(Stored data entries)
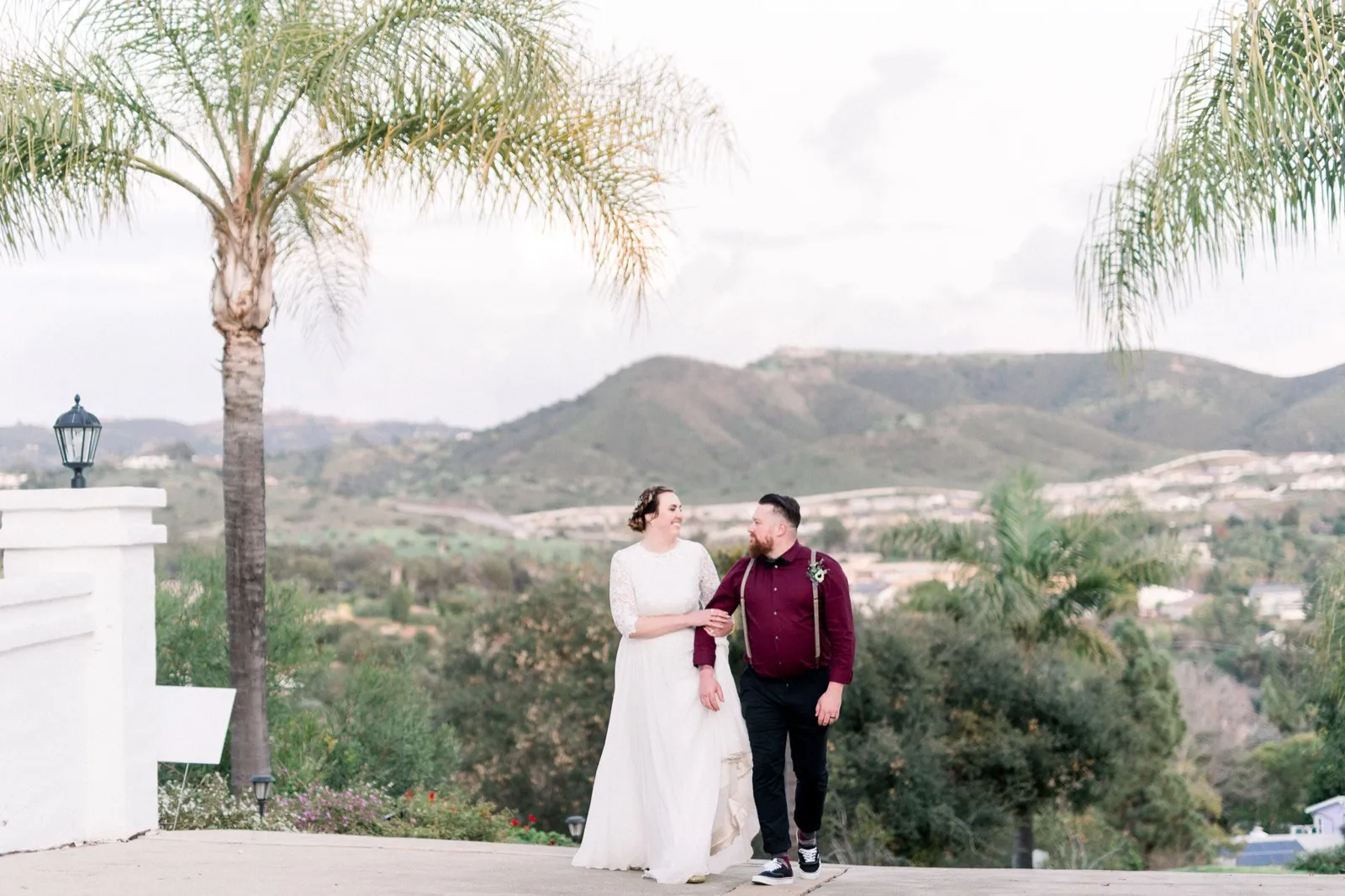 A couple walk hand in hand up a driveway lined with palms, hills and a valley of houses behind them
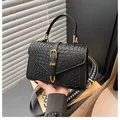 Women's black woven crossbody bag with gold buckle and patterned shoulder strap - Dark Brown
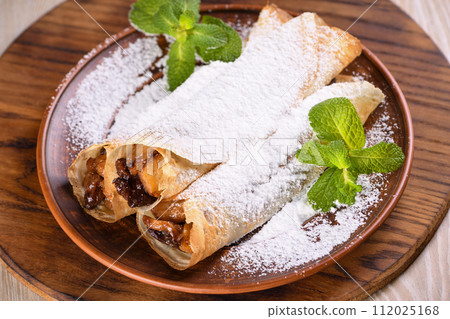 Homemade thin crepe (pancakes) with apple filling 112025168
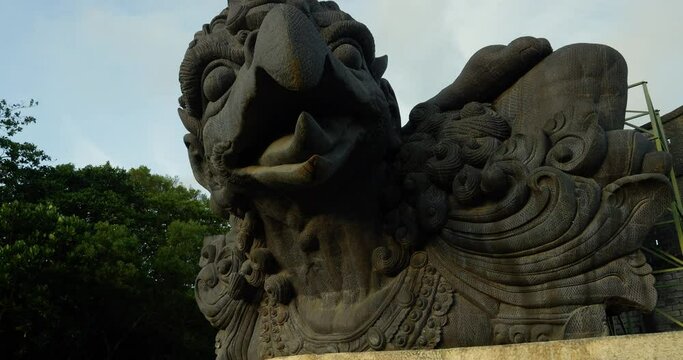 Close up dolly forward shot of the Garuda bird statue at the GWK (Garuda Wisnu Kencana) Cultural Park in Bali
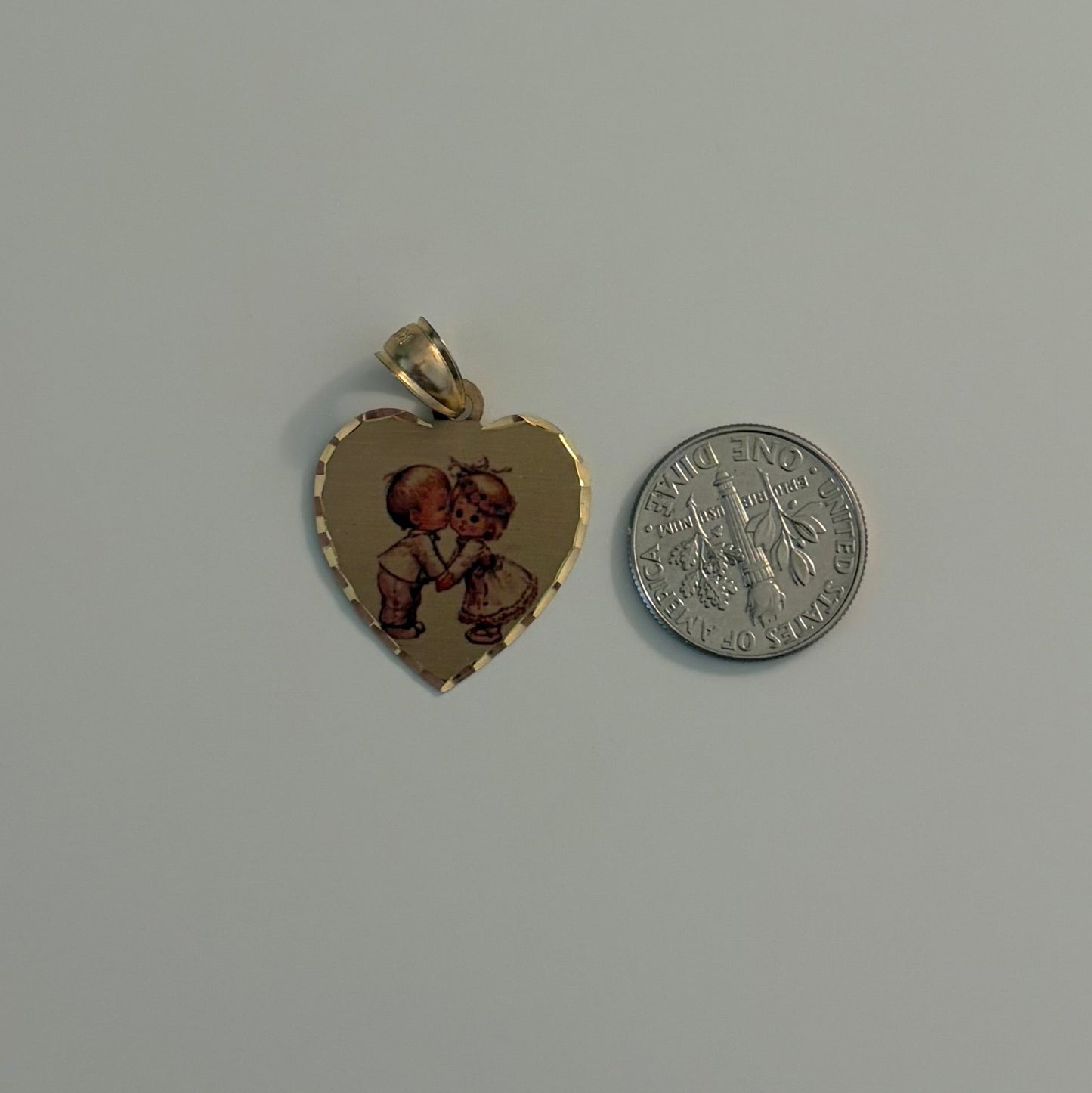 Two heart-shaped gold pendants with red stones on a gray surface, one next to a silver coin for size comparison.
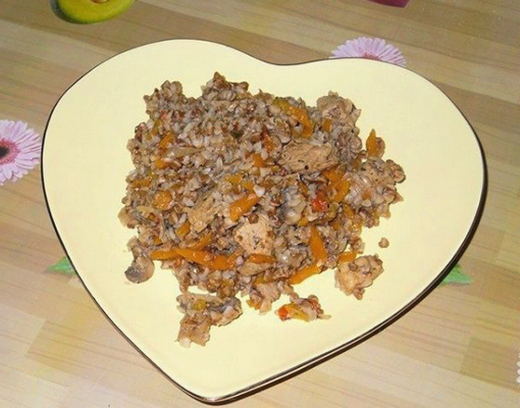 Pork pieces with onions and carrots in a pan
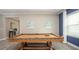 Game room features a billiards table, light wood floors, and natural light from a side window at 11456 Libby Rd, Spring Hill, FL 34609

### WHAT TO DO
All lines from the one containing "Pork pieces with onions and carrots in a pan" through the end of the entries above must be given again exactly, with every picture omitted.

### RESULT
 Pork pieces with onions and carrots in a pan
 Game room features a billiards table, light wood floors, and natural light from a side window at 11456 Libby Rd, Spring Hill, FL 34609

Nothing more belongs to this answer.